Malgré le recul de l'activité, les entreprises du BTP connaissaient une situation financière solide en fin d'année 2008. "Les fonds propres des entreprises soumises à l’impôt sur les sociétés représentent entre 86 et 89% des capitaux permanents", précise KPMG.

Erosion des marges

Reste que le BTP voit ses marges s'éroder. Les entreprises sont prises en tenaille entre, d'un côté, la hausse des prix des matières premières et, de l'autre, les réductions de prix auxquelles elles doivent de plus en plus souvent sacrifier afin de remporter des chantiers dans un contexte de baisse de la demande.

Résultat, "malgré cinq ans de progression de l’activité, la rentabilité des entreprises n’a pas beaucoup augmenté", explique KPMG.

Efforts de formation

Ce phénomène pourrait s'accentuer. "La structure d'activité du secteur évolue", observe Annie Chauzu, associée KPMG, qui a co-écrit le rapport. "Les matériaux coûtent plus chers, les travaux nécessitent des compétences plus pointues. Le BTP devra donc faire un effort de formation auprès de ses employés et recourir de moins en moins à l'intérim". Ce qui devrait peser sur les coûts.

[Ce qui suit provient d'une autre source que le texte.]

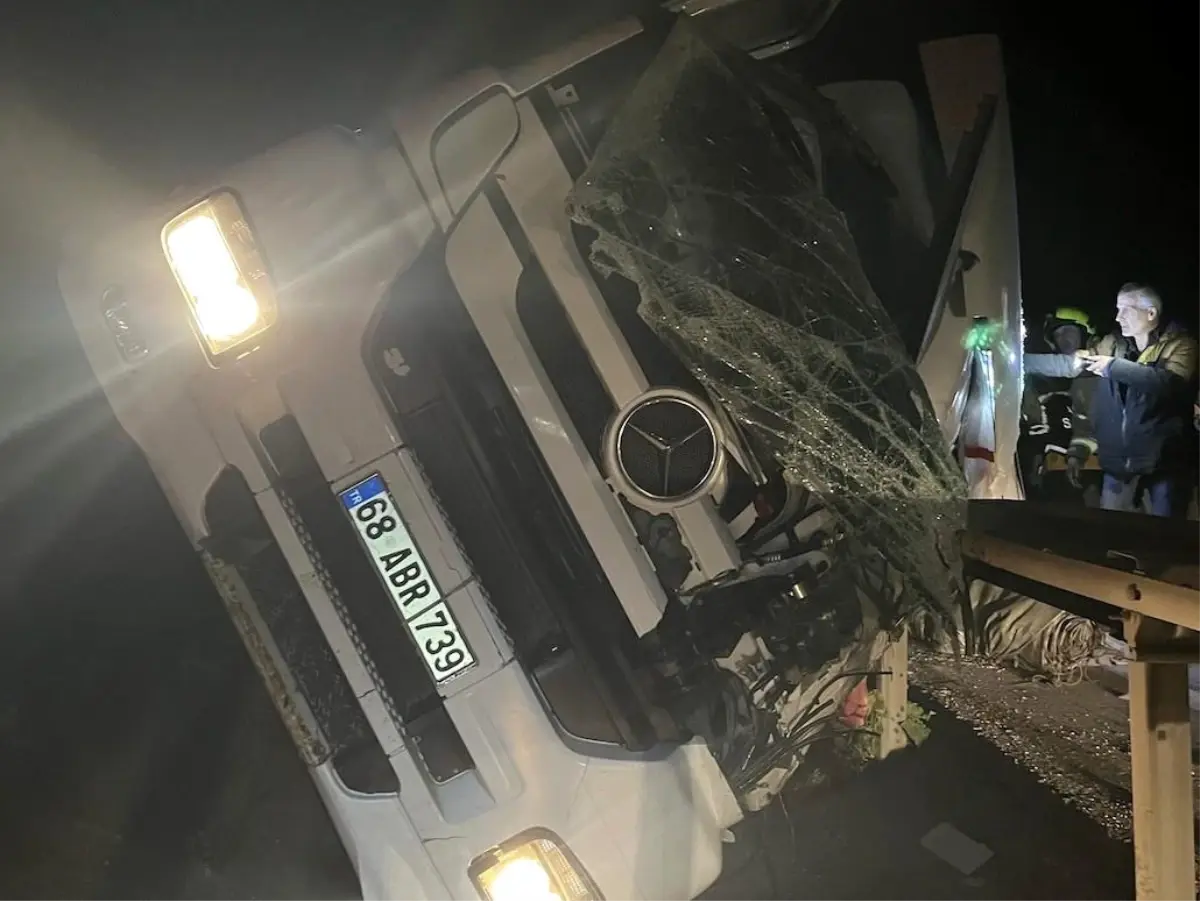 Balıkesir\'de Trafik Kazası: Bir Kişi Hayatını Kaybetti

Dans ce contexte, le secteur a enregistré 12.069 faillites en 2008, soit 19,4% de plus qu'en 2007. "Il ne s’agit donc pas d’un effondrement mais d’une fragilisation progressive des entreprises du bâtiment", en déduisent les auteurs de l'étude KPMG.

Reprise en avance

Le bâtiment, qui a connu la crise sur le tard, pourrait bien connaître la reprise… en avance. Selon KPMG, le bond de 29% des réservations de logement neufs enregistré au deuxième trimestre 2009 devrait se traduire par une augmentation des mises en chantier fin 2009, début 2010. Ensuite, les incitations aux économies d'énergie mises en place par le Grenelle de l'environnement devraient tirer le secteur "jusqu'en 2020", selon l'étude.

A plus court terme, "la reprise de l'activité bâtiment va probablement passer par la rénovation", analyse Annie Chauzu. "Les chantiers d'économie d'énergie nécessitent une main-d'œuvre plus spécialisée. Les particuliers devront faire appel à des professionnels".

Signe de cette reprise à venir? Le BTP demeurait, au troisième trimestre, parmi les secteurs les plus dynamiques en termes d'embauches en CDI (+1,4%, derrière l'industrie et le tertiaire), selon l'Acoss.